Chalk it up to poker being something you can be skilled at without really having...

eutectic · on Jan 9, 2017

The charitable interpretation of his argument is that the outcome is only a statistical 'tie' if you accept the arbitrary significance threshold of p=5%. Even relatively weak evidence is still evidence.

Unfortunately, some of the examples which he claims don't pass this significance threshold actually do. This does not help his credibility.

conistonwater · on Jan 9, 2017

FWIW, the win rate was -91mbb/g, and so they reported the probability of being equal in skill somewhere between 5% and 10%, hence the "tie". The introduction to the other poker paper on HN now (https://arxiv.org/pdf/1701.01724v1.pdf), by a different team, from Alberta, is rather less gracious and says it was a "huge margin of victory". I think that whatever the interpretation, his video makes it clear he didn't understand any of this.

hnkain · on Jan 9, 2017

Significance works the other way round than you described it -- if two players were equal in skill, then a winrate of -91mbb/g or larger would happen 5-10% of the time.

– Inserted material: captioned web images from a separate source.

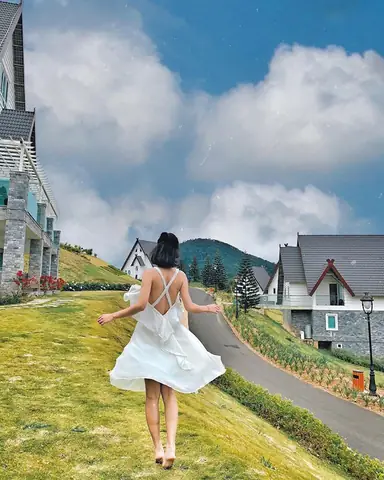 Top 6 Resort View Hồ Tuyền Lâm Siêu Lãng Mạn Cho Các Cặp Đôi Top 6 Resort View Hồ Tuyền Lâm Siêu Lãng Mạn Cho Các Cặp Đôi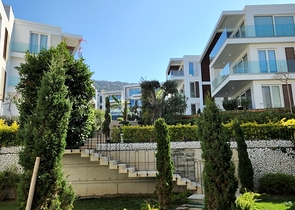 4+1 penthouse in a complex on the first coastline in the beautiful bay of Kucukbuk, Bodrum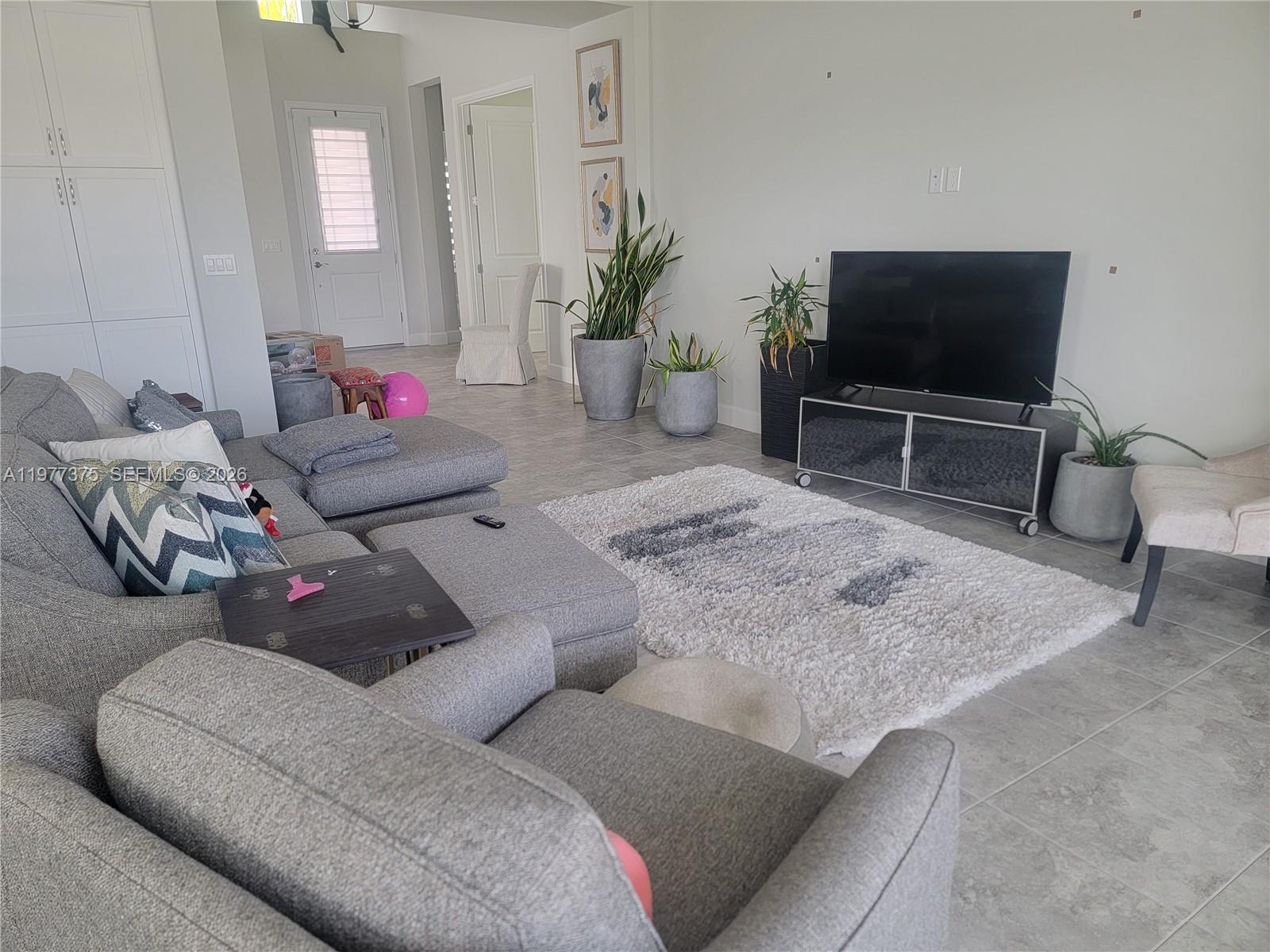 ORCHARDS OF WESTLAKE - Residential Lease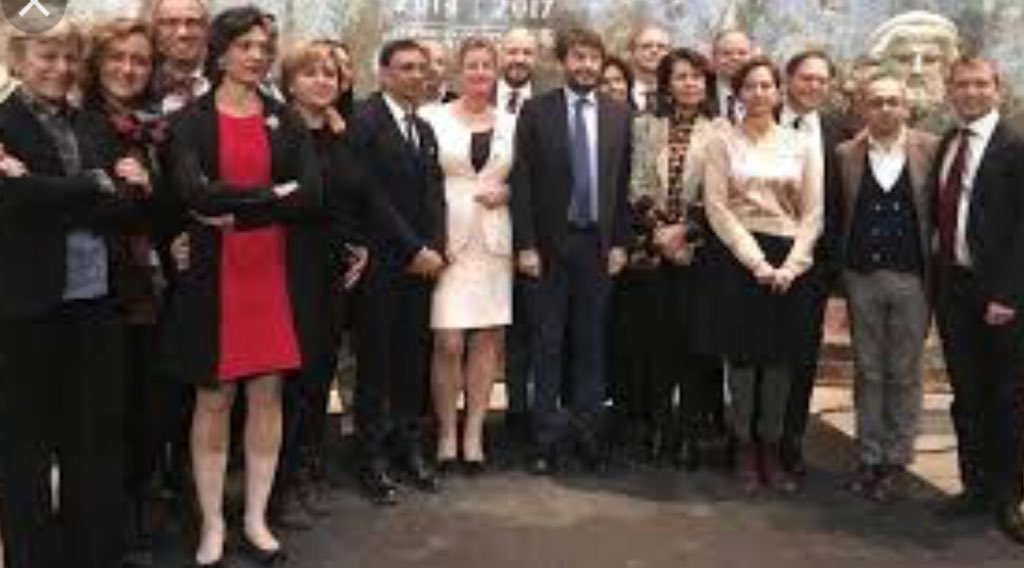 dariofrance's tweet photo. Dopo anni di ricorsi e sentenze si chiude definitivamente la vicenda dei direttori stranieri nei musei con il via libera di oggi del Consiglio di Stato. Grazie a tutti i direttori italiani e stranieri che ora potranno continuare il loro lavoro straordinario. https://t.co/opYZT1X297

I don't know if Doug Polk understands that or not, but I agree with his criticism and I think his analogy with sports reporting is sound. While "statistical tie" is true in a technical sense, it's not usually how matches are reported, and it's somewhat disingenuous and self-serving to use that language. It would be more honest to say that it's very unlikely that bot is better than humans -- given the advantages the bot had (a gruelling 2-week schedule, and pressure on the humans to get through N hands per day) it still lost by a significant margin.

conistonwater · on Jan 10, 2017

You're right, I would have liked them to report posterior probabilities, but those were p-values instead.

> It would be more honest to say that it's very unlikely that bot is better than humans

I don't think the analogy is sound. Consider the alternative: over a long match, the humans failed to beat the bot convincingly. But in any case, the examples he gives are so wide of the mark that it's clear this isn't the sort of argument he's making—he talks about "spin" and stuff.